Da ultimo, trovo corretta la decisione di avvalersi di strumenti di lunghezza 21 mm: come correttamente espresso dalla dottoressa Cerutti, usare strumenti corti permette un accesso più agevole al sistema dei canali radicolari e riduce il rischio di fratturare gli strumenti perché li si stressa ancor prima di raggiungere l’imbocco del canale».

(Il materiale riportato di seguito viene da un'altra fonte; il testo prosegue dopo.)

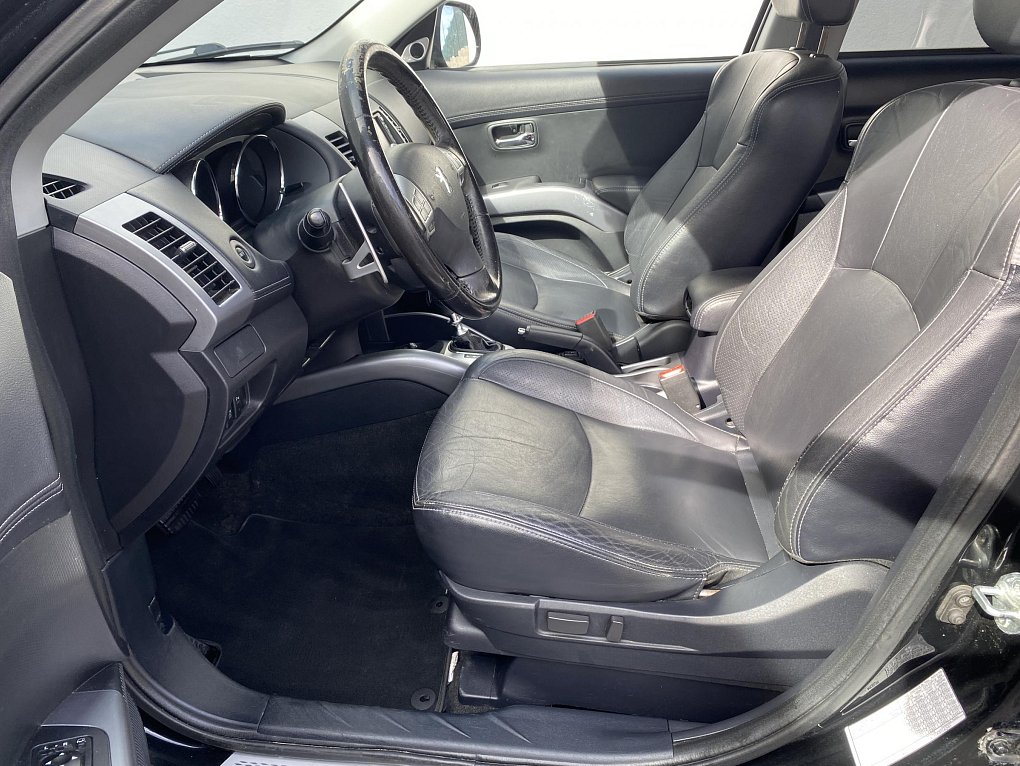 Peugeot 4007 2.2 HDi  4x4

Una volta eseguita la diagnosi ed effettuata l’anestesia (qualora occorra), è fondamentale isolare il dente con la diga di gomma. Si passa poi all’apertura della cavità d’accesso che viene rifinita con punte attivate da ultrasuoni. Le punte hanno svariate forme e dimensioni: per la prima fase è indicato utilizzare un inserto piuttosto grosso, con la punta smussa: questo permetterà di appoggiare la testa della punta sul pavimento della camera pulpare, rendere lisce e uniformi le pareti della cavità e preparare gli orifizi canalari alla sagomatura. Una sagomatura completamente meccanica permette di gestire la maggioranza dei casi clinici accorciando i tempi operatori e diminuendo il rischio di formare gradini o tappi. Gli strumenti in Ni-Ti, con le loro caratteristiche di flessibilità e memoria di forma, permettono di eseguire in tempi brevi sagomature che rispettino l’anatomia canalare. Molto importante è la detersione: anche in questo caso, inserti ad attivazione ultrasonica sono estremamente utili per aumentare l’efficacia dell’ipoclorito di sodio e assicurare la detersione anche nelle porzioni del sistema canalare che non sono state raggiunte dalla sagomatura (es. canali laterali, delta apicali).
Una volta asciugato il canale si passa all’otturazione: se problemi di spazio impediscono di utilizzare i plugger per la tecnica di compattazione verticale a caldo della guttaperca, è possibile optare per le tecniche veicolate da carrier: in questo modo la guttaperca, già termoplasticizzata, è introdotta in modo semplice e predicibile nel canale. Da ultimo seguirà il restauro coronale, perché non si può ritenere conclusa una terapia endodontica se la cavità d’accesso non è sigillata in modo stabile».